King’s recommendation that central banks reverse alchemy by behaving like pawnbrokers for all seasons (having collateral against all lending) can only be implemented after the next crisis. Central bank discipline, like virginity, cannot be replaced once lost. The market will always think that, in the end, it will be bailed out. The market has been right – it was bailed out and will be bailed out again. In the game of playing chicken with finance, politicians will always blink first.
If we accept that radical uncertainty lies at the heart of finance, then money makes the world go round because it provides the lubricant of trade and investment. Without that lubricant, trade and investment would slow significantly, but with too much lubricant, the system can rock itself to pieces.

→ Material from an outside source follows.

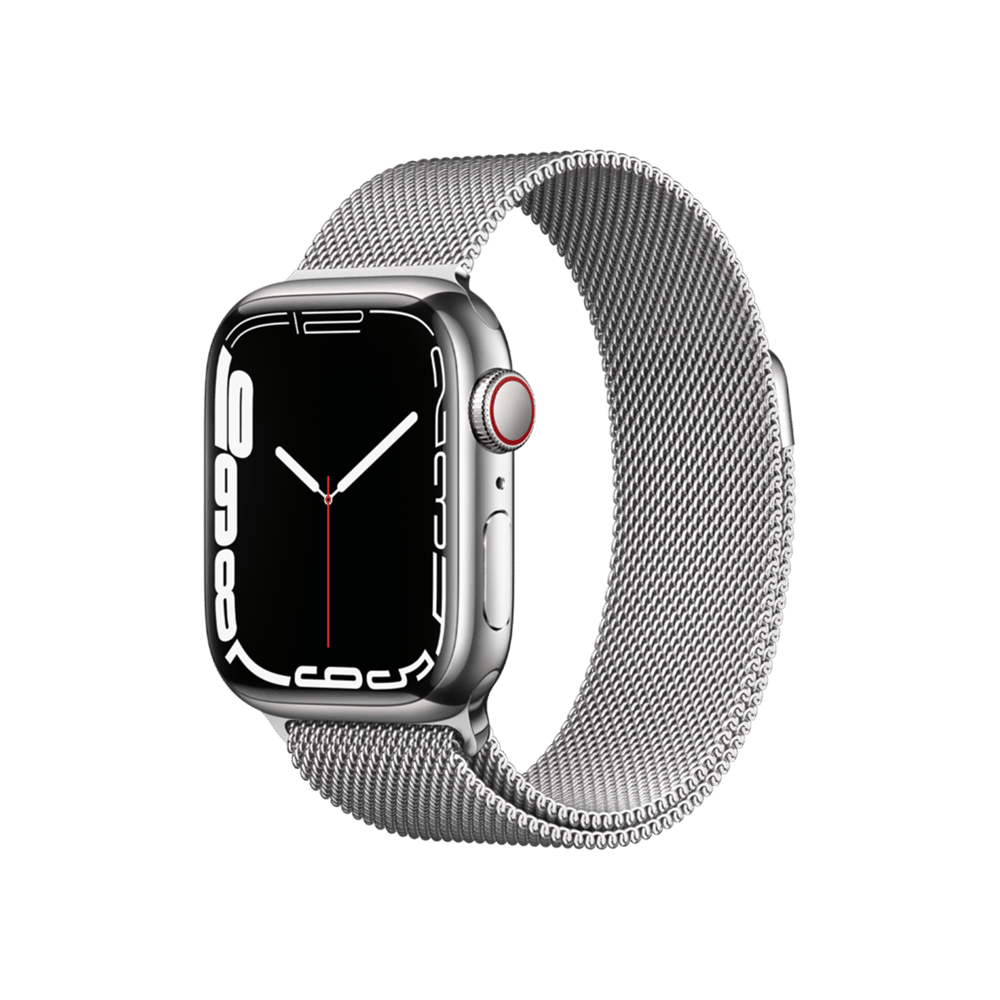 Apple Watch Series 7 Cellular 41mm Gümüş Giyilebilir Teknoloji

The dilemma of central banks today is also globalisation. In addition to the US Federal Reserve controlling dollar money supply within the US borders, US$9 trillion is created outside US borders, over which the Fed has no control. Money today can be created in the form of Bitcoins, computerised digital units used to trade value. They ultimately need to be changed into dollars. So, as long as someone will accept Bitcoins, digital currency becomes convertible money.

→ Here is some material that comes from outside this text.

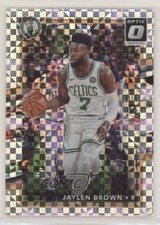 2017-18 Panini Donruss Optic Checkerboard Prizm Jaylen Brown #6 0b0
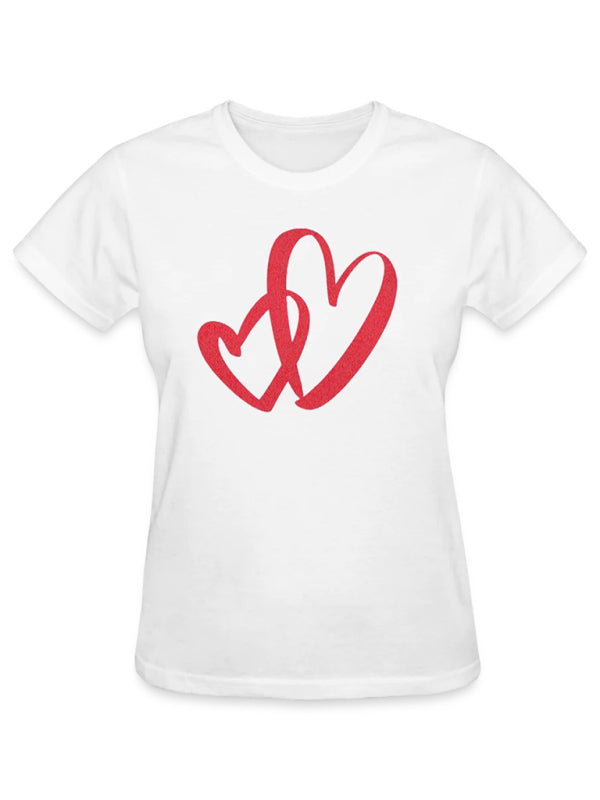 Women’s new slim fit short sexy hottie Valentine’s Day T-shirt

We got into a monetary crisis in which bad money drove out good. The reason was because the financial sector, in collusion with politics, refused to accept that there were losses in the system, so it printed more money to hide or roll over the losses. There was no inflation because the real economy, having become bloated with excess capacity financed by excess leverage, had in the short term no effective demand. So inflation at the global level is postponed.
But if climate change disrupts the weather and creates food supply shortages, inflation will return, initially in emerging economies, which cannot print money because they are not reserve currencies. In time, inflation will come back to haunt the reserve currency countries – but not before emerging markets go into crises of inflation or banking.
Money is inherently unfair – the rich will always suffer less than the poor.
In medieval times, only those with real money could afford alchemy. That remains true today.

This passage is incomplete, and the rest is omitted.